Suburbs Battle Blight Left By Foreclosures

Attempting to ward off a panic in the real estate market, cities in Ohio, Georgia, Illinois, and elsewhere are tapping into their coffers to eradicate foreclosure-related blight.

"Officials are installing alarms, fixing broken windows and mowing lawns at the vacant houses in hopes of preventing a snowball effect, in which surrounding property values suffer and worried neighbors move away. The officials are also working with financially troubled homeowners to renegotiate debts or, when eviction is unavoidable, to find apartments."

"It's a tragedy and it's just beginning," Mayor Judith H. Rawson of Shaker Heights, (Ohio) a mostly affluent suburb, said of the evictions and vacancies, a problem fueled by a rapid increase in high-interest, subprime loans. "All those shaky loans are out there, and the foreclosures are coming."

"Foreclosures in Cleveland's inner ring of suburbs, while still low compared with those in Cleveland itself, have climbed sharply, especially in lower-income neighborhoods that border the city. The suburbs here are among the best organized in their counterattack, experts say, but many suburbs elsewhere in the country have had jumps in foreclosures and are also working to stem the damage."

Full Story: Foreclosures Force Suburbs to Fight Blight

Comments

Comments

Sad but familiar

Widespread mortgage fraud, which is what has essentially been occurring in the subprime lending market the last few years, is not a new phenomenon. Nor is the resulting blight and abandonment. This also happened throughout the 50s, 60s, and 70s, during white flight from the central cities. It's especially unfortunate to see the process that so thoroughly wrecked US cities during those years rearing back up to wreak further destruction.

smart growth v. abandoned property

So if we are for smart growth and high density and folks moving back to the city, are we not implicitly for some form of blight in the suburbs? Is not "blight" just another word for giving the area back to nature, or potentially to farmers? I do not like the fact that so many people are being hurt by it, nor the manner in which it is occurring.

I think we ought to separate the phenomena into two parts: people (mostly poor) are losing their investments and their houses. This is something very much worth fighting. On the other hand, there are abandoned houses that towns are artificially supporting in order to recreate growth in the neighborhood, and to discourage more people from leaving. If this is in a suburban area, why not encourage the demolition of these houses while we have the opportunity?

smart current assets.

So if we are for smart growth and high density and folks moving back to the city, are we not implicitly for some form of blight in the suburbs? ...If this is in a suburban area, why not encourage the demolition of these houses while we have the opportunity?

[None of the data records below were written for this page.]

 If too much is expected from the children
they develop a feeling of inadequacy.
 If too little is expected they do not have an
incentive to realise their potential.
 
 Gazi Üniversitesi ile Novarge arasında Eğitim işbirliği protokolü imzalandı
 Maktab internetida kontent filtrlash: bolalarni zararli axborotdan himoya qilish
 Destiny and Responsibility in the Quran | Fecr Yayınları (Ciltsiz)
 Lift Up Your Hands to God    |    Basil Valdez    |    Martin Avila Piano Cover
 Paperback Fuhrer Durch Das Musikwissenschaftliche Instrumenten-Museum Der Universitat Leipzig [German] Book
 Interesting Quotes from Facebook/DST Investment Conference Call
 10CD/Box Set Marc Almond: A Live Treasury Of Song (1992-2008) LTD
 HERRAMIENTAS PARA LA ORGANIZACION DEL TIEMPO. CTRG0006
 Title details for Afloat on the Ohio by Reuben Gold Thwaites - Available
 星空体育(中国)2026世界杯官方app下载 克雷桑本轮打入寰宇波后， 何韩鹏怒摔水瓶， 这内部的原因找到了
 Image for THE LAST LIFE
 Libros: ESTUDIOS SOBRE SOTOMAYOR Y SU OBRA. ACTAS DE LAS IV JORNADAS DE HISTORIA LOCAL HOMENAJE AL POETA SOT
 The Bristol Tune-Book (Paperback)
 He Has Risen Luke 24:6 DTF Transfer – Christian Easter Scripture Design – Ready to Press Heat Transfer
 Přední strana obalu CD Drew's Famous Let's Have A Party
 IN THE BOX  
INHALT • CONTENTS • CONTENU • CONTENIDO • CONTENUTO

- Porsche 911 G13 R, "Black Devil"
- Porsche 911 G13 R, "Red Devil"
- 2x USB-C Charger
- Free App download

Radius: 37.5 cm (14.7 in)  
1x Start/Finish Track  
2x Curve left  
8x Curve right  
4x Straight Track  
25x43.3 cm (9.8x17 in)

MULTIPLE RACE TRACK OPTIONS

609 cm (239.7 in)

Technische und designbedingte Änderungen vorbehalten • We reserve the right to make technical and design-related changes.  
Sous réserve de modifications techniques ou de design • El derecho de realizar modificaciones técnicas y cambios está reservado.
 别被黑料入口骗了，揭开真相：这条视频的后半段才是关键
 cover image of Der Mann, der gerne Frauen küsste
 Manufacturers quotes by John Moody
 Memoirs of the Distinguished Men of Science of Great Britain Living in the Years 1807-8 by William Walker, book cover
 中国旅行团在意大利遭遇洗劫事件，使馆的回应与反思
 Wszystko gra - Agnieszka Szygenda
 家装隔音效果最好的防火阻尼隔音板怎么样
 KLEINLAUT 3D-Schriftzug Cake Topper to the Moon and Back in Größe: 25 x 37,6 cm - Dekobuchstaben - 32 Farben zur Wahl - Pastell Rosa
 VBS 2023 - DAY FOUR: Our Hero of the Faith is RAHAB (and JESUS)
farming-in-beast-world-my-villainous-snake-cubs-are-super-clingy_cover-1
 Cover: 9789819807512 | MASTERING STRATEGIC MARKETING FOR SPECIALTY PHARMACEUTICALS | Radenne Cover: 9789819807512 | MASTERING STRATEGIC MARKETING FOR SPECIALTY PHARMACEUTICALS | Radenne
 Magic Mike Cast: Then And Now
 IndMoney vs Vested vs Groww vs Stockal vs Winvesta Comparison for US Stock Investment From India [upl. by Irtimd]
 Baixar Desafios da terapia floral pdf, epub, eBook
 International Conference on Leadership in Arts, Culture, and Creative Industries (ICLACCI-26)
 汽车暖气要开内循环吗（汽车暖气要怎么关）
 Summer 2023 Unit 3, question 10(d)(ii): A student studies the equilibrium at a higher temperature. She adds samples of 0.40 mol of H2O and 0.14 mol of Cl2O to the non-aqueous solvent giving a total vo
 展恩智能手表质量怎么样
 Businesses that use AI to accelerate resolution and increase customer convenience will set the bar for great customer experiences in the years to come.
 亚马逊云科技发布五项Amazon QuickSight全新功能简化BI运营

We are not for ALL folks moving back to the city, because not all folks think moving back to the city is a good idea. Therefore, we must provide housing for the suburb-preferring folks too. Until one possible future out of many occurs, and suburban living becomes too expensive for everybody, people will choose to live there.

Since the housing is already provided, it is the city's choice to protect these properties, as it is likely that the house will be wanted in the short-term future.